As poucas pessoas presentes no Palácio dos Festivais na noite de terça-feira passaram por uma experiência incrível no contato com o longa-metragem "As Hiper Mulheres", exibido no Festival de Cinema de Gramado. O filme de Leonardo Sette, Carlos Fausto e Takumã Kuikuro registra o jamurikumalu, ritual de mulheres indígenas no Alto Xingu (MT). O intuito é tentar preservar cânticos orais que corriam o risco de desaparição.
Todas essas informações são extrafílmicas. Na tela, "As Hiper Mulheres" constrói realidade própria, reencenando o cotidiano de uma tribo que se depara com a iminente morte de uma de suas principais figuras femininas e precisa se organizar para que a memória dela não se perca. Ecos de filmes recentes como "Serras da Desordem" (2006) e "Terra Deu, Terra Come" (2010) se conjugam a lembranças de experiências fundamentais no contato com o outro, vistas em trabalhos de Robert Flaherty ("Nanook, o Esquimó"), F.W. Murnau ("Tabu") e Jean Rouch ("Eu, um Negro").

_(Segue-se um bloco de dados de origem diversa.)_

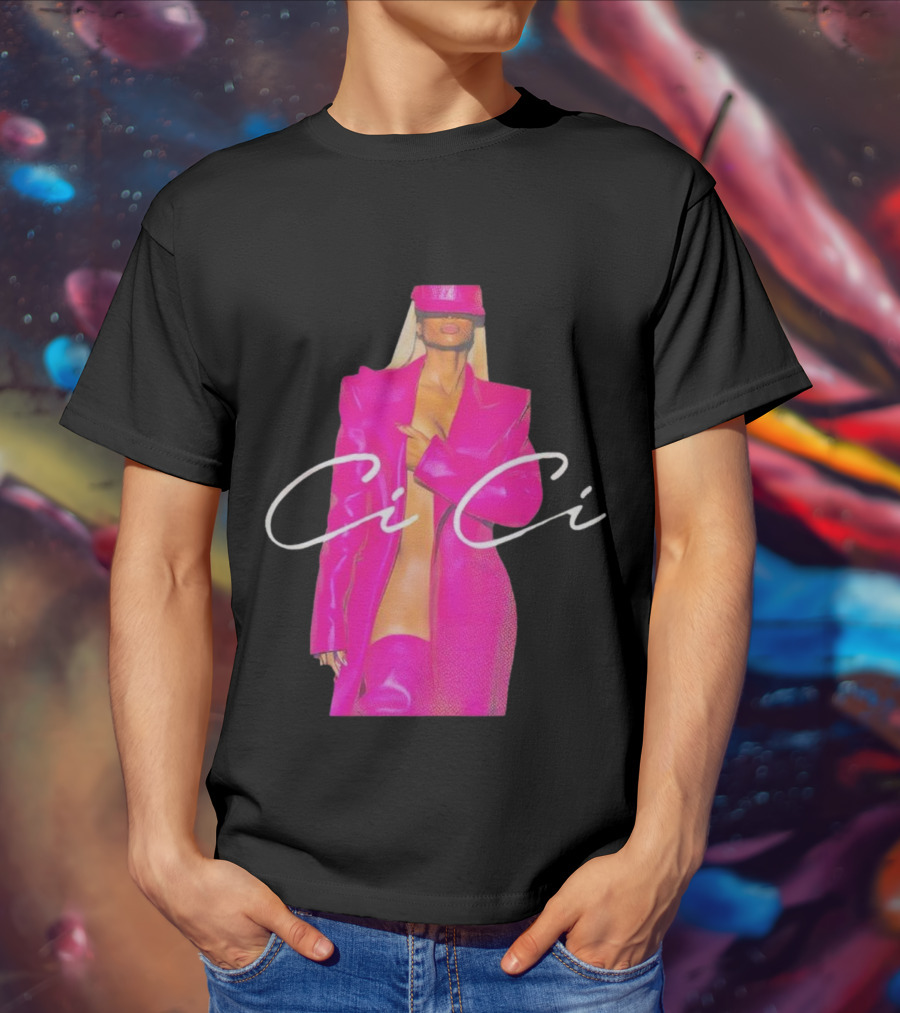 Ciara CiCi Bold Pink Fashion T-Shirt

"Buscamos fazer um filme o menos etnográfico e hipercontextualizado possível", disse Carlos Fausto, antropólogo e codiretor do projeto. "Nosso interesse era falar sobre música, memória e transmissão de conhecimento através do afeto e das relações familiares".

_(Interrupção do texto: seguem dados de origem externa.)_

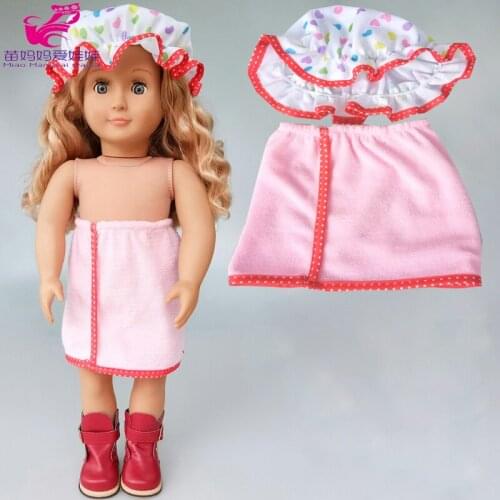 Baby Dolls Clothes rompers bathrobe 18 Inch american generation Doll accessories Girl new year Gift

O jamurikumalu fora ritualizado pela última vez na aldeia retratada em "As Hiper Mulheres" em 1982. Neste novo contato, iniciado em 2002 a partir do projeto Vídeo nas Aldeias e com orçamento de um edital do Iphan (Instituto do Patrimônio Histórico e Artístico Nacional), a equipe de produção tomou contato íntimo com os moradores do lugar e os fizeram criar intimidade com a presença de câmeras e de pessoas não-indígenas. "No próprio real, a matéria ficcional estava presente", frisa Fausto. "Não escrevíamos diálogos, mas pensávamos e preparávamos as cenas, dando instruções aos personagens que estariam nelas para construir um fio dramático".
Nesse sentido, a definição de "ficção" e "documentário" se esvai ao se assistir a "As Hiper Mulheres" - assim como a preconceituosa conotação de "filme de índio", que inclusive circulou entre alguns jornalistas antes da sessão. Há, acima de qualquer pré-impressão, um trabalho elaborado e impactante de encenação, registro e criação de espaço.

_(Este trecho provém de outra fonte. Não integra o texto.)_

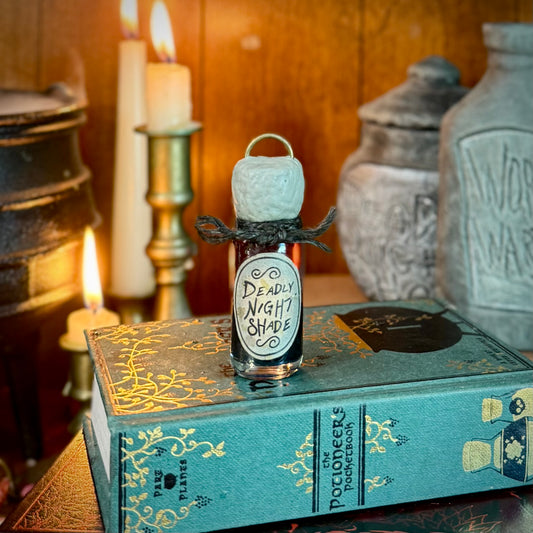 Set of Three Hand Sculpted Mini Fidget Potions; Deadly Nightshade, Worm's Wort, and Frog's Breath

Os corpos dos indígenas, a premente sexualidade que emana das figuras femininas da aldeia, o linguajar despojado, a completa disposição em dialogar com a proposta cinematográfica em questão e o maravilhamento do ritual são elementos a atentar num filme de valor especial. "As Hiper Mulheres" está selecionado também para a competição do Festival de Brasília, a ser realizado no fim de setembro.